TASK INPUT: Begin

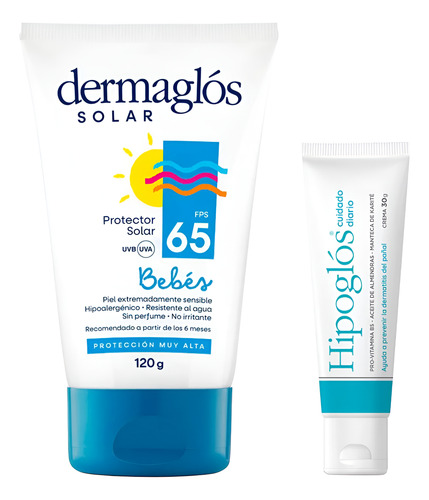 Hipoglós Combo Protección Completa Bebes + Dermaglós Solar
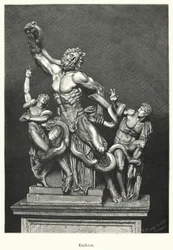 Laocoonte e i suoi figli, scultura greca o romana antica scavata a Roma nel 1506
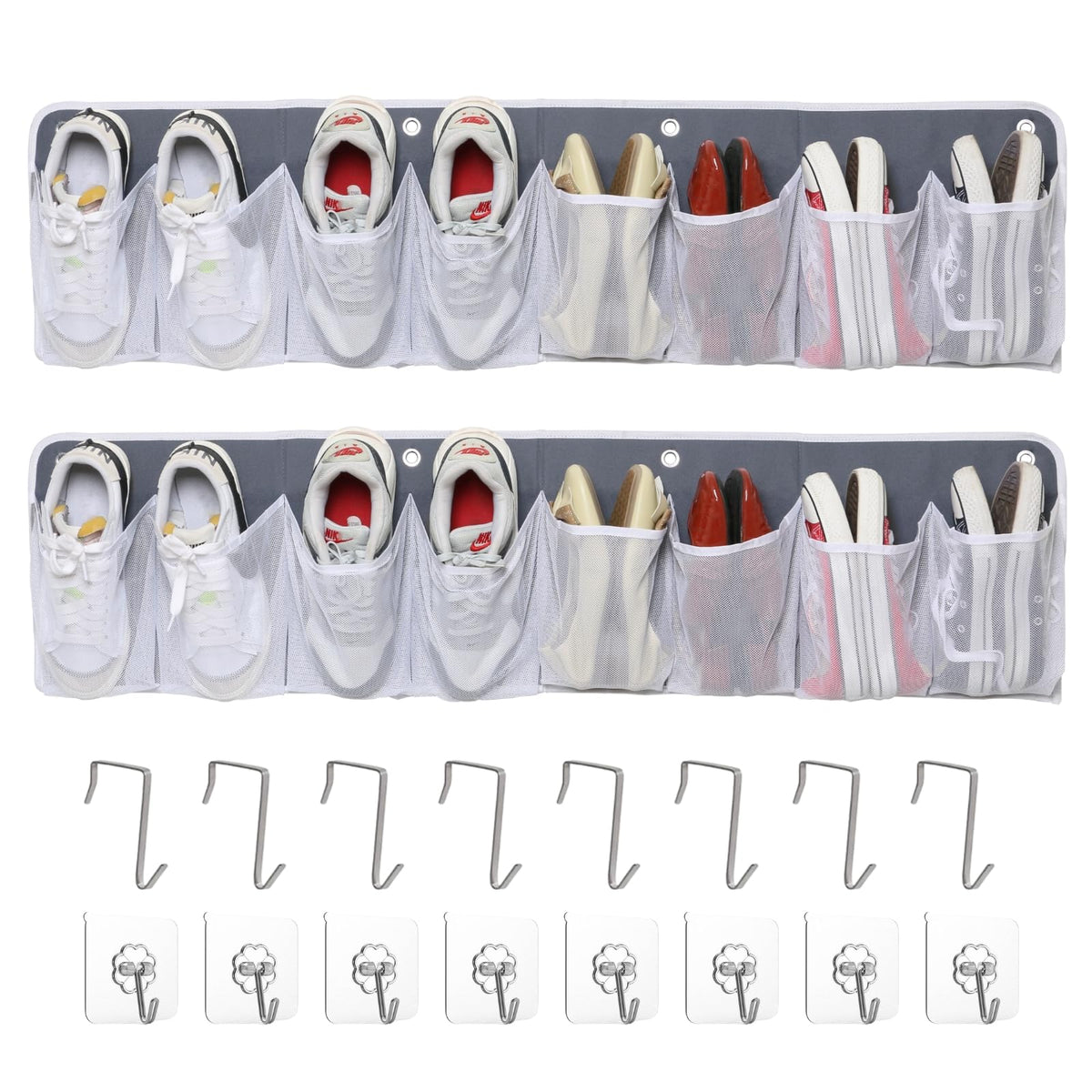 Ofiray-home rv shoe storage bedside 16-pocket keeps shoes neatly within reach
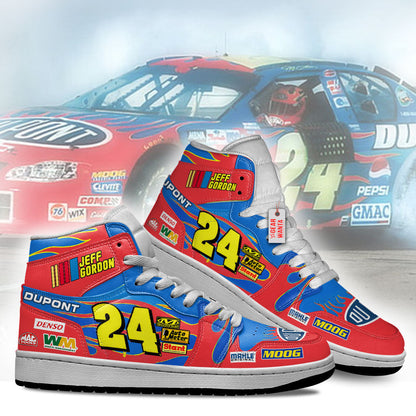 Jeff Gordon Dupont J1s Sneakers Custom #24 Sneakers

TASK INPUT: End
TASK INPUT: Begin

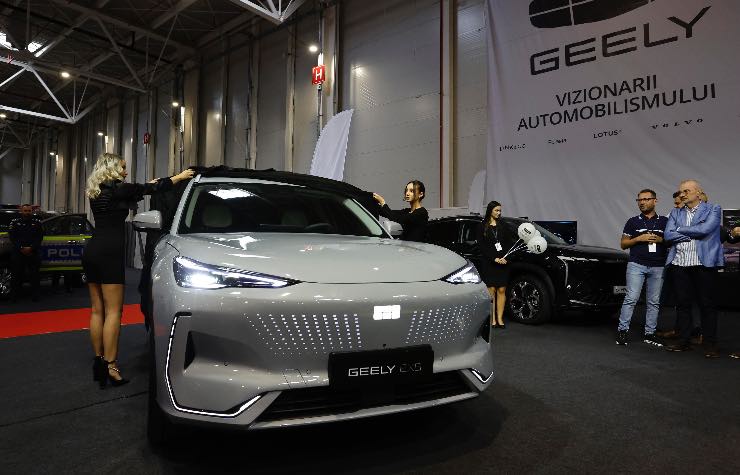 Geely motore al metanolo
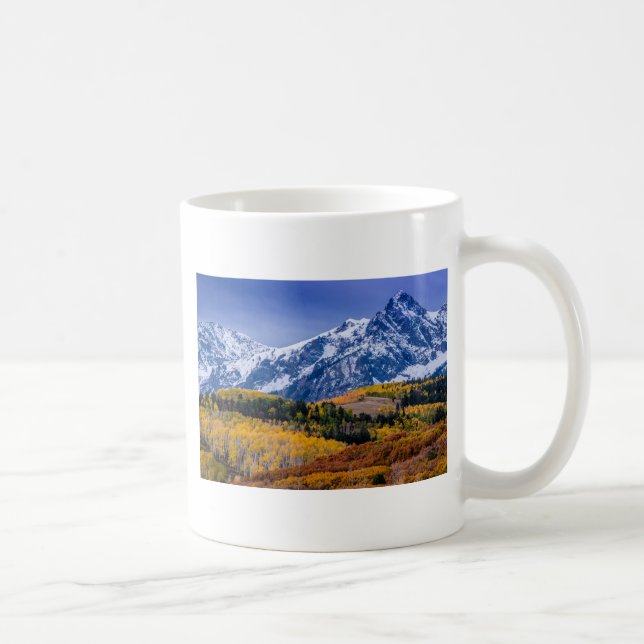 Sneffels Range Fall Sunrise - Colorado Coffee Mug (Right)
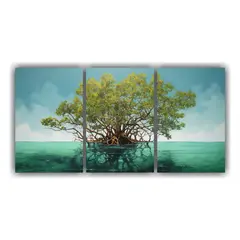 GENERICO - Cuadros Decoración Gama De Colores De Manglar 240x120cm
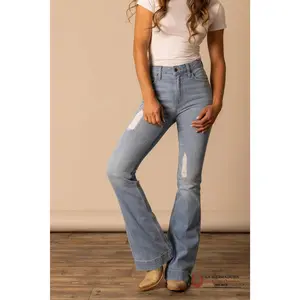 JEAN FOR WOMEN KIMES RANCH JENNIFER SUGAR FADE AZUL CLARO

TASK INPUT: End

TASK BRIEF:
Using the data above, give again exactly the lines starting at the one holding "Sneffels Range Fall" and ending at the one holding "JEAN FOR WOMEN", inclusive, and nothing more. Omit the pictures.

SOLUTION:
 Sneffels Range Fall Sunrise - Colorado Coffee Mug (Right)
 GENERICO - Cuadros Decoración Gama De Colores De Manglar 240x120cm
 JEAN FOR WOMEN KIMES RANCH JENNIFER SUGAR FADE AZUL CLARO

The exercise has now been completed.